Item 9. Changes in and Disagreements with Accountants on Accounting and
Financial Disclosure.

No disagreements with (i) the accountants identified in Item 8 above, (ii)
any other experts selected by the Partnership as disclosed in the "Experts"
section of the Registration Statement, or (iii) the financial statements have
occurred since the formation of the Partnership on January 12, 1998, as
amended and fully stated on May 1, 1999, to the date of filing of this Form
10-K.

Part III

Item 10. Directors and Executive Officers of the Registrant

The Fund is a Delaware Limited Partnership which acts through its corporate
and individual general partner. Accordingly, the Registrant has no Directors
or Executive Officers.

The General Partners of the Registrant are Ashley Capital Management,
Incorporated, a Delaware corporation, and Ms. Shira Del Pacult. The General
Partners are both registered with the National Futures Association as
commodity pool operators pursuant to the Commodity Exchange Act, and Ms.
Shira Del Pacult, age 44, is the sole shareholder, director, registered
principal and executive officer of the corporate General Partner. The
background and qualifications of Ms. Pacult are disclosed in the Registration
Statement, incorporated herein by reference. Ms. Pacult is also a registered
representative with Futures Investment Company, the broker dealer which
serves as underwriter of the "best efforts" offering of the Units.

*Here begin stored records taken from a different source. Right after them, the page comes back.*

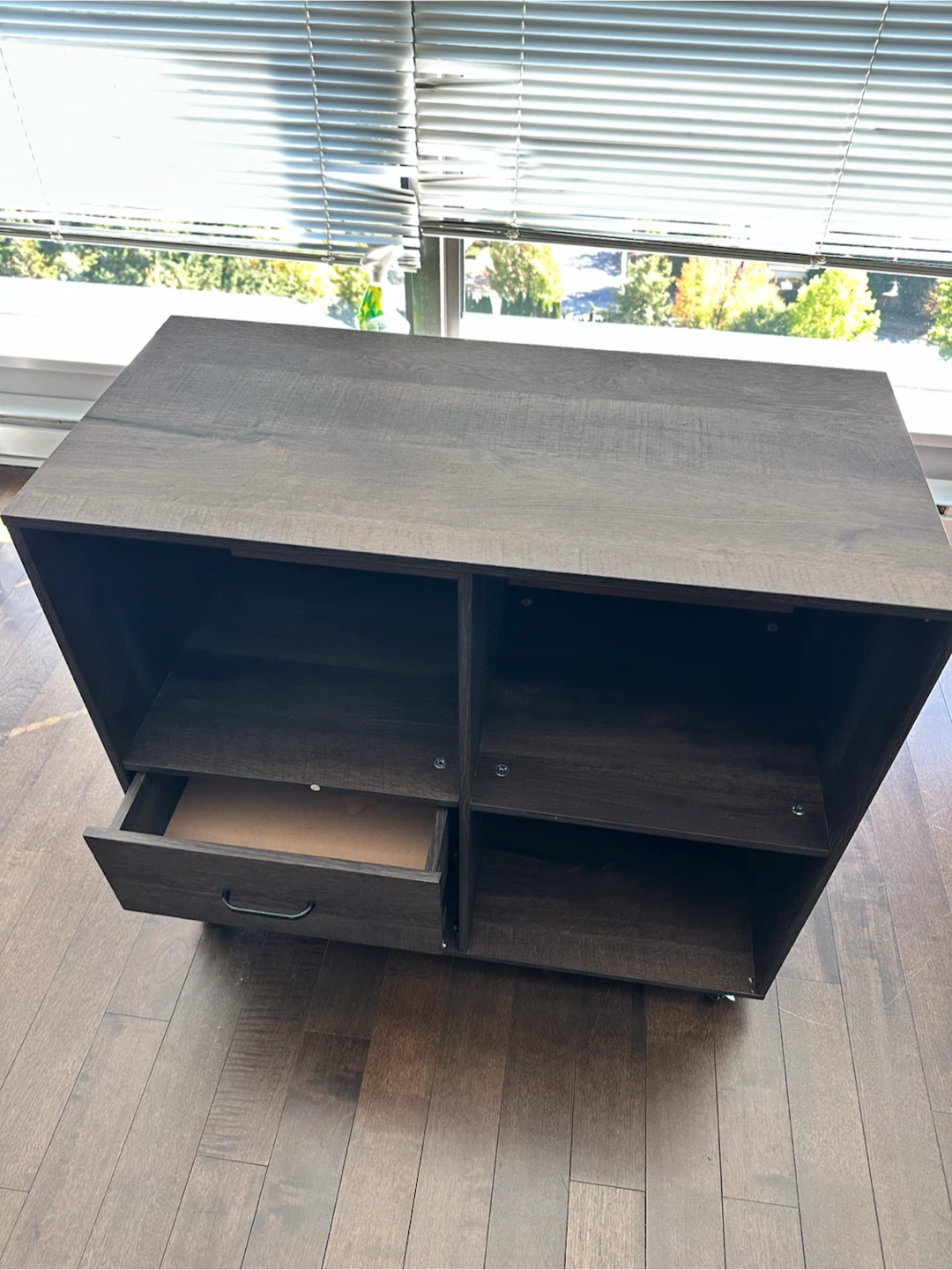 Dark brown wooden storage shelf with one drawer - photo 4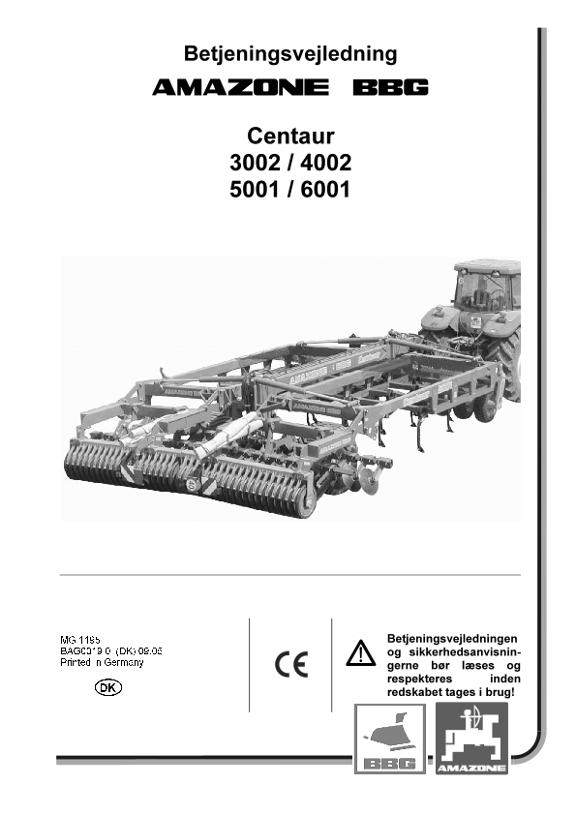 Brugsanvisning Centaur 3002-6001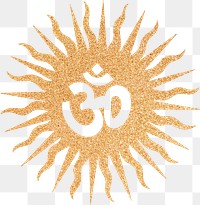 Om sun png, spiritual illustration, transparent background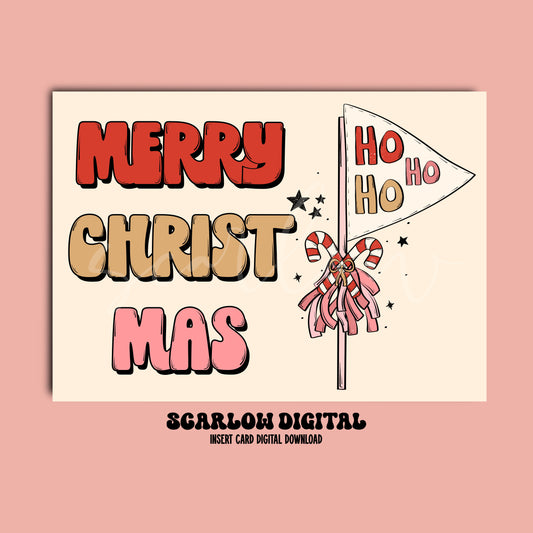 Merry Christmas Flag Insert Card Digital Design Download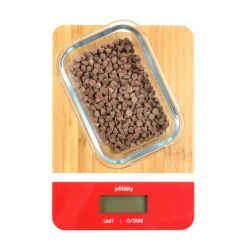 PEBBLY Balance De Cuisine|Balance de Cuisine Electronique Bambou Rectangle Rouge 23 x 16 cm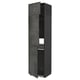 METOD tall kitchen unit in dark grey with sliding doors.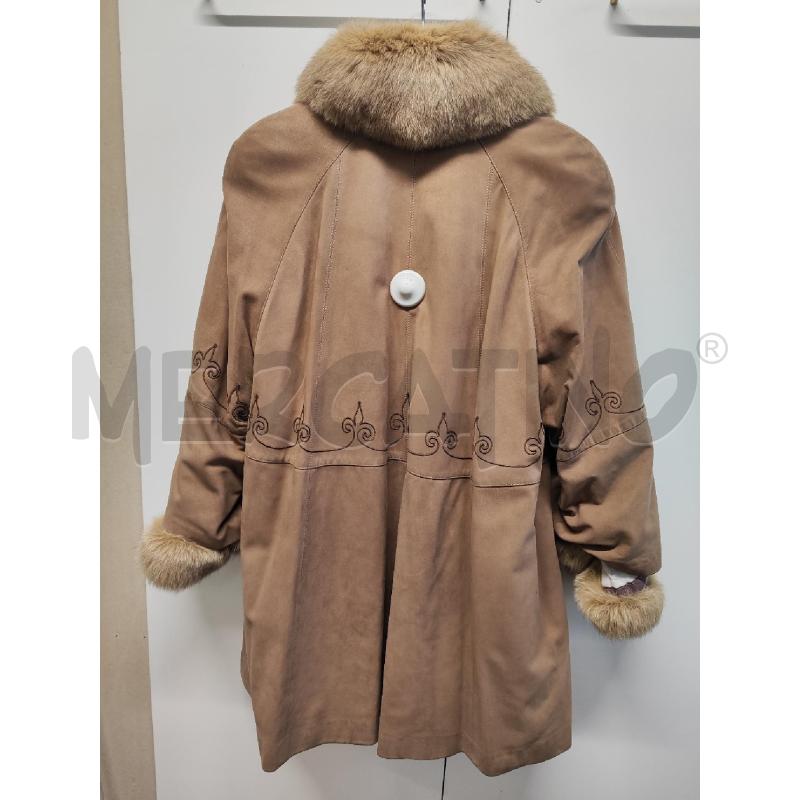 GIACCONE DONNA # NG BEIGE RICAMATO COLLO PELLICCIA TG.44 | Mercatino dell'Usato Vinci - fraz. sovigliana 5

Ms. Pacult is also the principal of the general partner of three other
commodity pools: Fremont Fund, Limited Partnership, a publicly offered pool
which commenced business in November, 1996, ceased operations in June, 2000,
and is currently winding up its affairs; Auburn Fund, Limited Partnership, a
privately placed commodity pool, which commenced business in April, 1997; and
Bromwell Financial Fund, Limited Partnership a publicly offered commodity
pool which commenced business in July, 2000.

Item 11. Executive Compensation.

The Fund pays its corporate General Partner a management fee of two percent
(2%) per year, payable monthly, to serve the Partnership in an executive
capacity. All operating costs related to management of the Partnership,
including compensation to Ms. Pacult, are paid from that management fee.

Ms. Pacult also earns compensation from the sale of the Units through FIC,
the Affiliated selling broker and from the fixed commissions paid by the
Partnership to FIC as the Affiliated introducing broker. The amounts paid to
the affiliated companies which results in compensation to Ms. Pacult are
disclosed in the Registration Statement, which is incorporated herein by
reference.

Item 12. Security Ownership of Certain Beneficial Owners and Management.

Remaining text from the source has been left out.